La commission spéciale sur la pandémie de Covid-19 (COVI) du Parlement européen a organisé, lundi 30 janvier, une audition sur les conséquences de la désinformation sur la démocratie pendant la pandémie. Les experts ont mis en garde à propos d'une communication sanitaire inefficace, mais surtout de la volonté d’ingérence d’acteurs étrangers.
Une guerre d'information
« À chaque crise, vous avez des puissances étrangères, notamment la Russie et la Chine, qui s'immiscent dans les débats politiques et dont le but est de déstabiliser nos démocraties », a rappelé Raphaël Glucksmann (S&D, français), président de la commission spéciale sur l’ingérence étrangère (ING2) du PE. Pour preuve, a-t-il défendu : la désinformation s’est accompagnée de cyberattaques sur l’Agence européenne des médicaments et les hôpitaux dans le but de rendre l'UE « dysfonctionnelle ».
Or, l’incertitude liée à la pandémie en a fait « le terrain idéal pour des campagnes de déstabilisation ». Une analyse que partage Edward Lucas du Centre d’analyse des politiques européennes (CEPA). Les opérations sur l’information, a-t-il également souligné, « sont par nature visibles […], mais ne sont qu'une partie de la panoplie de tactiques que le parti communiste chinois et le Kremlin sont prêts à déployer ».

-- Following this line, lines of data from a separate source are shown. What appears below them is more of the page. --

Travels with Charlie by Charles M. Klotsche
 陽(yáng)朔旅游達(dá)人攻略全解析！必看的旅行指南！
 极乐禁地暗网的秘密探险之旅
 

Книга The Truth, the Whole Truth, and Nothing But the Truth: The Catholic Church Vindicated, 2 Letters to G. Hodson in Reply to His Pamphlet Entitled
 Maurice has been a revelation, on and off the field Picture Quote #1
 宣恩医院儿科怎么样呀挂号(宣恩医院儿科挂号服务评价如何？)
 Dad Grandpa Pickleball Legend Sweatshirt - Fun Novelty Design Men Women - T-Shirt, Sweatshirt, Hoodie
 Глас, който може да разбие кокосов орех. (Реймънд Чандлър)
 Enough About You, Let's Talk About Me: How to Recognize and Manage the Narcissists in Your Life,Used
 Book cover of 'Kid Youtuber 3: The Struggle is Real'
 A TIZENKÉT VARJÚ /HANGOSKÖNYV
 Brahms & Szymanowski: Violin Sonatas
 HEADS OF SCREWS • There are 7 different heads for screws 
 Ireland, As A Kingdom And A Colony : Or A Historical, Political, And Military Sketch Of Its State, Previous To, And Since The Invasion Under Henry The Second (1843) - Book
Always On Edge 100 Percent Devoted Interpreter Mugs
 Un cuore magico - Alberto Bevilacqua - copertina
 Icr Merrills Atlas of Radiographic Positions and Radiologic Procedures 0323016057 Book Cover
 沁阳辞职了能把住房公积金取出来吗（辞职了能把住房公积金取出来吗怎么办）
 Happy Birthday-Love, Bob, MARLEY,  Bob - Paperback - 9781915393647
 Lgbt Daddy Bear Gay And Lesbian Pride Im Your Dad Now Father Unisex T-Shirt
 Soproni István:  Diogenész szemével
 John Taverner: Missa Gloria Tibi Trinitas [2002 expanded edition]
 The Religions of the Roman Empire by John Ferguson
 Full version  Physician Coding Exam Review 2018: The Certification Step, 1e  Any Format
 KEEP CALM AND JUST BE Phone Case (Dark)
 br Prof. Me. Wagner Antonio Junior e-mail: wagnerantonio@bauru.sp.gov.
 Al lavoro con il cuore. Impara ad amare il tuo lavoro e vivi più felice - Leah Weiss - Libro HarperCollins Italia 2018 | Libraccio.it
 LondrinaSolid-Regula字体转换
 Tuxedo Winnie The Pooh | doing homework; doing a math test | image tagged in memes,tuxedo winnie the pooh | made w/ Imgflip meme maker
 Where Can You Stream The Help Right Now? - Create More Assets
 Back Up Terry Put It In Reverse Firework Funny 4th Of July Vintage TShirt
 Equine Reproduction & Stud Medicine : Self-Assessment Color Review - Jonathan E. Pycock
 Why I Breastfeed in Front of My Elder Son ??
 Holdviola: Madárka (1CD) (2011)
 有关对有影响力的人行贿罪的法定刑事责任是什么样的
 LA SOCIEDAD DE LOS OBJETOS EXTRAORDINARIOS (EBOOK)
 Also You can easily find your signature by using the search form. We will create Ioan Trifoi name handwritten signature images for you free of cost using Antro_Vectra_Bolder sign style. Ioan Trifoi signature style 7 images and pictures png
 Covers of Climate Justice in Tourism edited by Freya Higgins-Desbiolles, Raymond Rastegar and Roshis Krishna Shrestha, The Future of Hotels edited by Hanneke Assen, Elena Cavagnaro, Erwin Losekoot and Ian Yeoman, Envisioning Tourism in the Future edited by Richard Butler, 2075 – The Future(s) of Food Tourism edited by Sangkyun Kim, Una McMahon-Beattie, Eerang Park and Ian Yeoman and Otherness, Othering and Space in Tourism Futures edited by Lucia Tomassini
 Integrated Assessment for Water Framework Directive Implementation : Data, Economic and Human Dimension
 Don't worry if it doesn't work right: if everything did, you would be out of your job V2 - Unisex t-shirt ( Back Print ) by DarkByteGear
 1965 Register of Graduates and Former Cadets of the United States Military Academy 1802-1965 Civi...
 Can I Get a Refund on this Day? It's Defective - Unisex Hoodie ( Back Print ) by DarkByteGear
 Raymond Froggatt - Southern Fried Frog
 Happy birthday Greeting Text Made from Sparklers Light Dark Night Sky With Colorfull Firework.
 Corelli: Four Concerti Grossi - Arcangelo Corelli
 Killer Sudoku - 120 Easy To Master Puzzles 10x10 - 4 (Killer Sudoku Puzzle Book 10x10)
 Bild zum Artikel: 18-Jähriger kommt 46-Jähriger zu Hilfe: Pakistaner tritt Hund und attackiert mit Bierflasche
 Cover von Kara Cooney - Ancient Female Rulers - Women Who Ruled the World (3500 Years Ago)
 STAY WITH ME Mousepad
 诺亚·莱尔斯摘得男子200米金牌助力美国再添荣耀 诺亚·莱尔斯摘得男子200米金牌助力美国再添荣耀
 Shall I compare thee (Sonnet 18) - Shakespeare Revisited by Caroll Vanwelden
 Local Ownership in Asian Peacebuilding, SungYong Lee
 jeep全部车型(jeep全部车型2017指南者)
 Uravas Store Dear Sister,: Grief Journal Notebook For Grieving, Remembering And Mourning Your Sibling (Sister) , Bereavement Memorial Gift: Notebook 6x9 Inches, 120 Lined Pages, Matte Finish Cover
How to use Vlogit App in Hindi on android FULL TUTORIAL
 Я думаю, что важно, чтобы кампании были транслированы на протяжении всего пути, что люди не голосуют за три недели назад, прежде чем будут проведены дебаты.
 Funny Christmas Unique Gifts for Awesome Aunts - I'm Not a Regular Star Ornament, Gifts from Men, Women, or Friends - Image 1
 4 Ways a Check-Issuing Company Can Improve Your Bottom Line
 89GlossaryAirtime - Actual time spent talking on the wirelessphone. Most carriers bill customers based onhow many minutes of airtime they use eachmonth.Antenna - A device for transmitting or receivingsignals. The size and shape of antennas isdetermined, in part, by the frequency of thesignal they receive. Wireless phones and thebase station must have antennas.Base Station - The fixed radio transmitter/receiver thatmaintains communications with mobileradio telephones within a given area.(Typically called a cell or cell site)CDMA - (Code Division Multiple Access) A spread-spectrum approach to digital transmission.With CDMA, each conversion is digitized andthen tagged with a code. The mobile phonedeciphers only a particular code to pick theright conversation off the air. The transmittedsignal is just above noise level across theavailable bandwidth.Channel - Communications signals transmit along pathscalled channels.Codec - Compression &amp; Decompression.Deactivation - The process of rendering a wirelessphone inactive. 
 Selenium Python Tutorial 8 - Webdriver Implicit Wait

Pour l’expert, il est important de nommer le problème et d'« être clairs sur le fait que nous sommes attaqués [et] gravement menacés », de le surveiller ainsi que de « prendre des contre-mesures ». Il a notamment appelé les eurodéputés à s’interroger sur les pressions économiques du marché médiatique. « Si vous laissez seul le marché agir, vous permettez aux riches d'acheter de l'influence [et] de subventionner les médias qui promeuvent leurs points de vue », a-t-il résumé.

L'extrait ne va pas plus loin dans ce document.